Hacker News new | past | comments | ask | show | jobs | submit login
It's Impossible to Validate an Email Address (elliot.land)
61 points by elliotchance on Apr 3, 2016 | hide | past | web | favorite | 67 comments



What I'm about to say is more general than regex, but can online services please stop trying to validate my email address?

If I gave you an email address that you think is invalid, rest assured I did it for a reason. I'm not an imbecile: I know how to type my address correctly (especially when you make me type it twice). For all the imbeciles who don't know how to type their address correctly, the phone system still works fine.

I may have given you my real email address with a plus-sign for a filter. Don't tell me it's invalid.

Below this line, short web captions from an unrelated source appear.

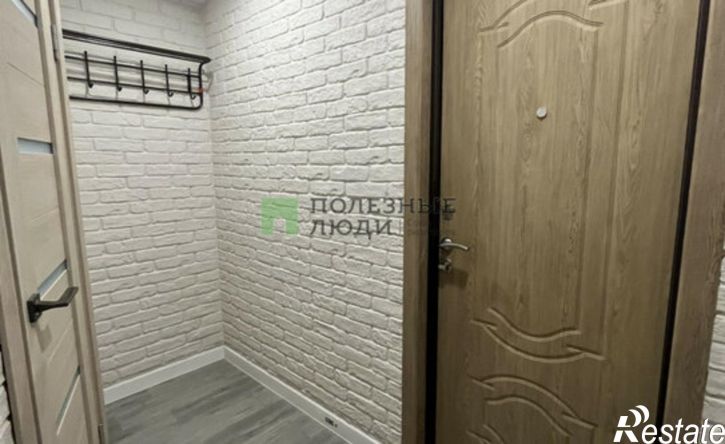 1-комн квартира Ижевск, улица 40 лет Победы, 82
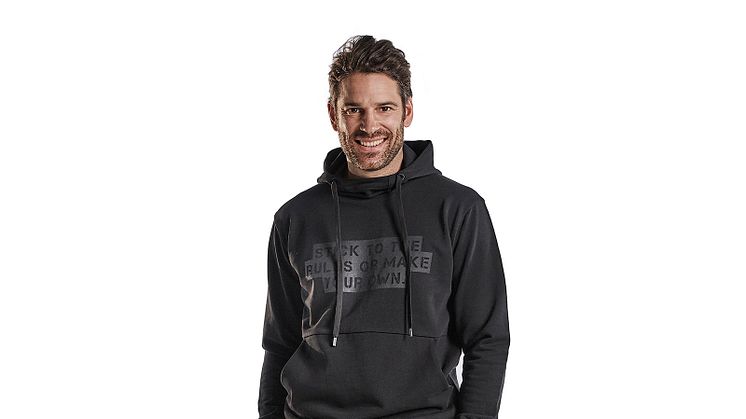 Limited edition - hoodie och sweatpants
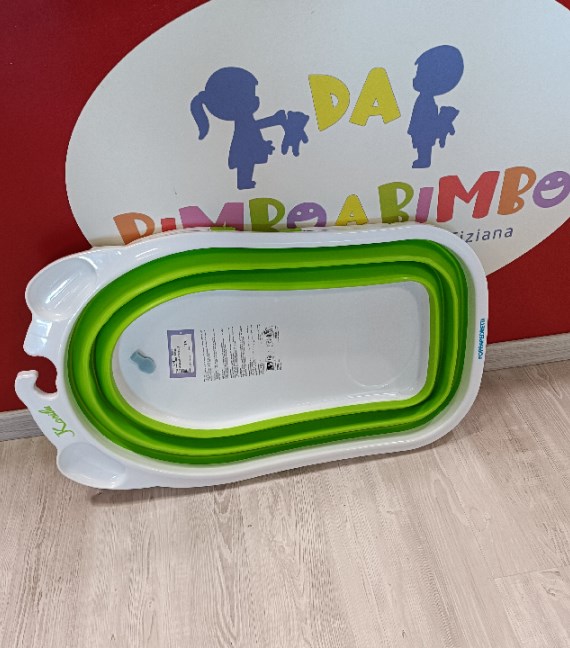 VASCHETTA CHIUDIBILE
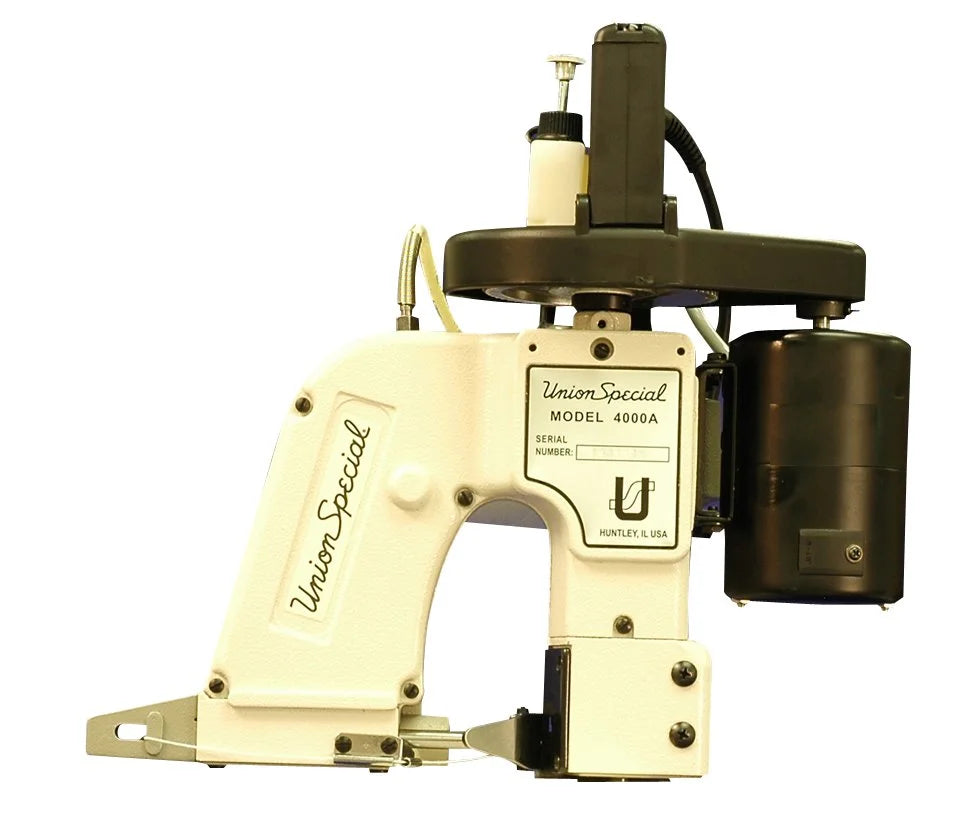 Costuradora portátil Heavy Duty Union Special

I may have given you a fake email address, because I know you're just going to spam me. If you tell me it's invalid, I'll either spend an extra few minutes cooking up a better fake email address, or I'll leave your site.


https://medium.com/i-m-h-o/please-stop-verifying-my-email-ad...

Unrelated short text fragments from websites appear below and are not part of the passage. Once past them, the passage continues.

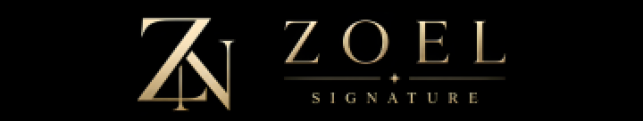 Zoel Signature Logo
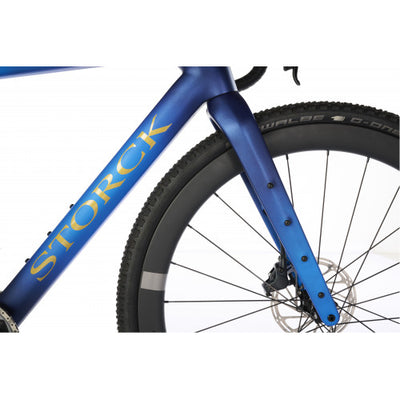 Storck e:GRIX Pro Rival XPLR ZJ Plat 40X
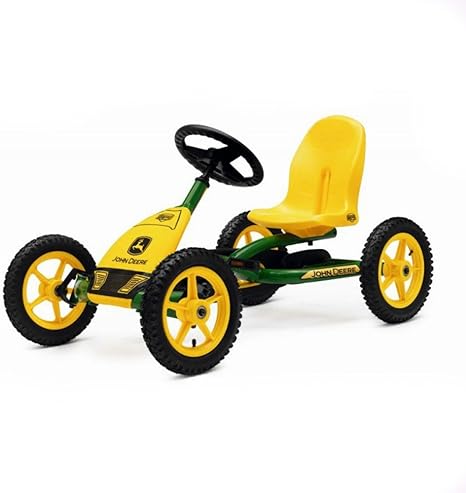 berg toys john deere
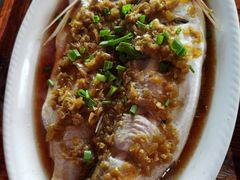 -芦茨金富饭庄·25年老字号·专做稻草鸡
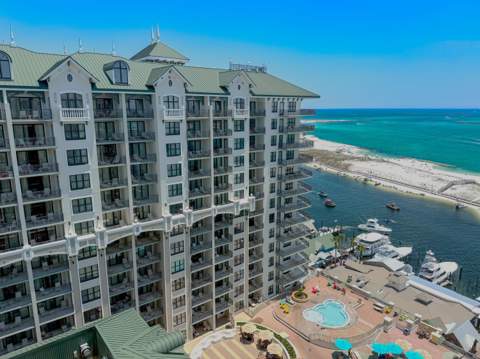 10 Harbor Boulevard #W1322, Destin FL - photo 6 of 27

I wrote something about this a while ago. I'm no wordsmith but it fits here.


But, statistically speaking, it probably is an imbecile.

These systems aren't optimizing for someone like you trying to be clever. They're trying to handle the more common cases of someone typing a street address in the wrong field or forgetting the ".com" or putting in an HTTP address or some such.

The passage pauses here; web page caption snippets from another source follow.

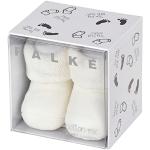 Chaussettes Falke blanches Taille 1 mois look fashion pour bébé de la boutique en ligne Amazon.fr 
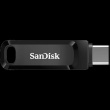 SanDisk Ultra Dual Drive Go USB Type-C Flash Drive 64GB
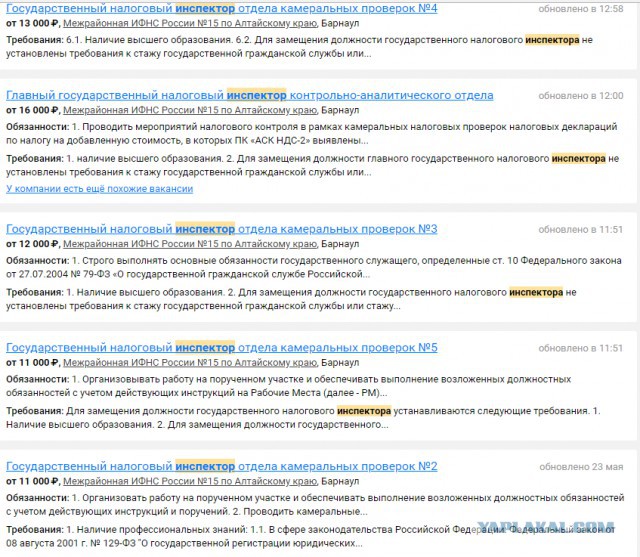 Эксперты подсчитали размер средней зарплаты в России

They're trying to catch that, not every possible pedantically legal string you could throw at it. Maybe they could improve the validator, or maybe they'd rather be spending programmers' time on things with actual business value.

The sum total of imbeciles may well represent a bigger market than the sum total of people like you.


Agreed. I find things like "youdont@needmyemail.com" usually work, and then if they ever bother to read what’s in their database they may get a hint.


kindlysodoff@mailinator.com is nice, and actually works for that one activation link you have to click.


I know it can be frustrating, it's happened to me too, but the reality is that email validation generally isn't for you. It's for the 99% of other people who would greatly appreciate the heads up that they've typed "something@yahoocom" or "Boys@MenFan1@whatever.com" and it's probably not what they meant to type.

Now we can talk about HOW validation is implemented, and I think it would be completely fair to raise a warning: "Hey, did you mean to enter this?" instead of "sorry, nope." when non-trivial addresses are encountered.


But it's extremely rare for a typo to result in an invalid email address, contrived examples notwithstanding.


If you happen to control the web page where the user is entering the email, this little piece of code has been a godsend for us:

https://github.com/mailcheck/mailcheck

I agree with the idea that it's impossible to validate. But, mailcheck takes the approach of seeing if the email is potentially wrong, then prompting the user with what it thinks they meant. It's usually right, but if not, it allows whatever the user wants.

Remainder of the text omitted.